My husband on the other hand, is an electrical engineer, has a good job, he makes good money and is a hard worker, but he's perfectly happy having had the same job, doing the same thing for exactly 8 hours a day, for the last fifteen years and to keep doing it for another five until he's got enough years for his pension. No ambition whatsoever. He takes great pride in his job and the work he does, he just doesn't care about the promotions and "the ladder" the way I do.

That ends up working out well because I have no interest at all in "house stuff". If decorating our home were up to me, we'd probably have a giant TV, a soft couch, white walls and eat off TV trays. The kitchen would still be tricked out since I love to cook, but the rest of it....meh. I'm not a slob by any stretch, but given his OCD, he spends a LOT more time cleaning that I ever would and let's not even discuss yard work.... I CAN do all those things, but I just don't have the passion for nesting that he does. 

Our running joke has always been that I should hurry up and get another promotion or two so that he can take an early retirement and become a house husband. Since we make roughly the same amount now and I'm not quite 10 years younger than him, I guess it's not entirely out of the picture if I stick around.

Marriage is about playing to your strengths. He's certainly not weak, or beta or effeminate and I (don't think) am no ball buster, we just are better at different parts of the whole and I think we're both relieved that we have someone else to do the parts we're not as crazy about. Earning more or less--it ends up being a pretty fair trade to us!


----------



## sisters359 (Apr 9, 2009)

I'd have problems with a man who was not secure enough to be comfortable with me making more. My ex and I earned roughly the same, but he used to make cracks about my "lousy paying job." He wanted to be a "kept man," I guess. I would not have had a problem with that IF he had contributed in other ways, but I won't tolerate criticism of my chosen career and earnings. I feel like, if you want more money, earn it yourself. And that goes for both men and women!


----------



## lime (Jul 3, 2010)

The actual income isn't really what matters; my SO and I have been students all our lives, and our earnings have fluctuated widely.

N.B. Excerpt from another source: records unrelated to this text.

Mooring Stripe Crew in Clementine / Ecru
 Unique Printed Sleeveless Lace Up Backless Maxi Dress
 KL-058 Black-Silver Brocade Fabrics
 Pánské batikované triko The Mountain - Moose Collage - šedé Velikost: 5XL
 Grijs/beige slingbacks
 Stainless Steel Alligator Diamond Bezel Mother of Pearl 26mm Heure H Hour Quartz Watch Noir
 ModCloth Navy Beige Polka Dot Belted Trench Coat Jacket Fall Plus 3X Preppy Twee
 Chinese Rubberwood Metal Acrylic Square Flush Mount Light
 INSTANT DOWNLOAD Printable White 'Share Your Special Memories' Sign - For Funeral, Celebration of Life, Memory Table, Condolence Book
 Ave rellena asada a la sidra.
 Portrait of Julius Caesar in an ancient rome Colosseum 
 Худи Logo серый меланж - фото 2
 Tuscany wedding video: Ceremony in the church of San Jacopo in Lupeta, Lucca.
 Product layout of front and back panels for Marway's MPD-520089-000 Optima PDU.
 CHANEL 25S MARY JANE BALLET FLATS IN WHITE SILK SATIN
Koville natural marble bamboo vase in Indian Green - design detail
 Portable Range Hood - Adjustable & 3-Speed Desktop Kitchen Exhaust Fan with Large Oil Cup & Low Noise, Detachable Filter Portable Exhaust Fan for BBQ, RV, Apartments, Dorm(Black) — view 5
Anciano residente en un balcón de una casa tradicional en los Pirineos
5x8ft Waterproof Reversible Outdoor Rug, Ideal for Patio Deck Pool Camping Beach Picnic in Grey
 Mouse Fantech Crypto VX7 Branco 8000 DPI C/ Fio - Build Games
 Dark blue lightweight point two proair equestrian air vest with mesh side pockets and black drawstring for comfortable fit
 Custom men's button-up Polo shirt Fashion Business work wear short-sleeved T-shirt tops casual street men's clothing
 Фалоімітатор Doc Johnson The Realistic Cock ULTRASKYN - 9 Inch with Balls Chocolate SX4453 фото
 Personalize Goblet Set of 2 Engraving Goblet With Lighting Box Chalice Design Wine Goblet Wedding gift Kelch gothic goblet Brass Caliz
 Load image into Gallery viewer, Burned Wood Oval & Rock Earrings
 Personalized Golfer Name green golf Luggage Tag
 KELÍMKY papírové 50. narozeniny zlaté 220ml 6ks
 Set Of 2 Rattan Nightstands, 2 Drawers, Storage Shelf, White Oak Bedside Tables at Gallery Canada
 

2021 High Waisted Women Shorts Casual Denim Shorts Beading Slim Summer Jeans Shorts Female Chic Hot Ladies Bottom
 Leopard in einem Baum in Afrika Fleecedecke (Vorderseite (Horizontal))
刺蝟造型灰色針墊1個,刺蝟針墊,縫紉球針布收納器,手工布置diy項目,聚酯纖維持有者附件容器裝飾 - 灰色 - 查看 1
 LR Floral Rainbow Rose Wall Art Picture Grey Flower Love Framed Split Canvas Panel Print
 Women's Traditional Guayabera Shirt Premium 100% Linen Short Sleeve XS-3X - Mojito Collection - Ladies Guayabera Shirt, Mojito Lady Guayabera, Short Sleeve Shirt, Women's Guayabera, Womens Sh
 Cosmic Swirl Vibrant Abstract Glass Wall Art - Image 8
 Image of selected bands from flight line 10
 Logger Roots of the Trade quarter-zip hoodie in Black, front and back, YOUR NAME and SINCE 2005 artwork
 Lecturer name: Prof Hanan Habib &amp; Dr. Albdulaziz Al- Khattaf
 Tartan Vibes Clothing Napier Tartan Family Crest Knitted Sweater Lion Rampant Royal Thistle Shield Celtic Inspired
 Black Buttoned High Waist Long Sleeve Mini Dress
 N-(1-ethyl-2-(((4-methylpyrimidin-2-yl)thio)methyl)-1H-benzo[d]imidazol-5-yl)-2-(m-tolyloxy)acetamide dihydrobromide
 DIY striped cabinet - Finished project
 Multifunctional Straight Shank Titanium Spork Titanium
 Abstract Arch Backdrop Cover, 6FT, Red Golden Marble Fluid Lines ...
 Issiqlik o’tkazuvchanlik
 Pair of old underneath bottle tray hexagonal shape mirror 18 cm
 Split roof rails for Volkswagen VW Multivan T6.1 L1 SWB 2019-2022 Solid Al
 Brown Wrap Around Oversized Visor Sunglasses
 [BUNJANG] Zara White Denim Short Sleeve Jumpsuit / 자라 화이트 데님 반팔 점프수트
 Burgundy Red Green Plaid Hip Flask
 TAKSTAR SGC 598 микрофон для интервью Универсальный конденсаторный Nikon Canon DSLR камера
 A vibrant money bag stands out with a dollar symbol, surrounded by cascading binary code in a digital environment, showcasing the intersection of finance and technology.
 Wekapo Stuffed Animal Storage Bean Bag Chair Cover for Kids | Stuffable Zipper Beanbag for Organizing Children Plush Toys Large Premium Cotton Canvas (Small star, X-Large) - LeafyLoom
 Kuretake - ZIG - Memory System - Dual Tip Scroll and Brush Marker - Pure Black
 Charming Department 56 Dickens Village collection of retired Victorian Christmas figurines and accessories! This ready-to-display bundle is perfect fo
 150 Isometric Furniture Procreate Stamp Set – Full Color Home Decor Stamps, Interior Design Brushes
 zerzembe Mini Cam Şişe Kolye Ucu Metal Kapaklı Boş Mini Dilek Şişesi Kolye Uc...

For me, it's the work ethic that's important. Seeing him laze around and not do anything--whether or not he's making money--is what I find unattractive, especially if I'm running around between my different jobs and class and being super busy. It also makes me worried for our future--I realize it's silly because we're both going to have pretty solid careers, but I do tend to freak out like "Ahhh I hope he doesn't get used to sitting around and doing nothing! He's going to have to go to work for 60+ hours/week in the future!" I get that it's different now htough since we're still in school so he technically works that amount when you include class. 

Also, when his income dips he tends to get REALLY frugal... And I'm somewhat of a spender  Nothing too bad, but I like to take a day trip once in a while or go out to eat. He wants to cut those things out first, which makes me really sad as those are some of my top spending priorities haha. Then I usually volunteer to pick up the slack and cover both of us, and he feels guilty. So it usually works out better when he's working reasonably hard and earning a reasonable amount--enough so that he feels comfortable spending.


----------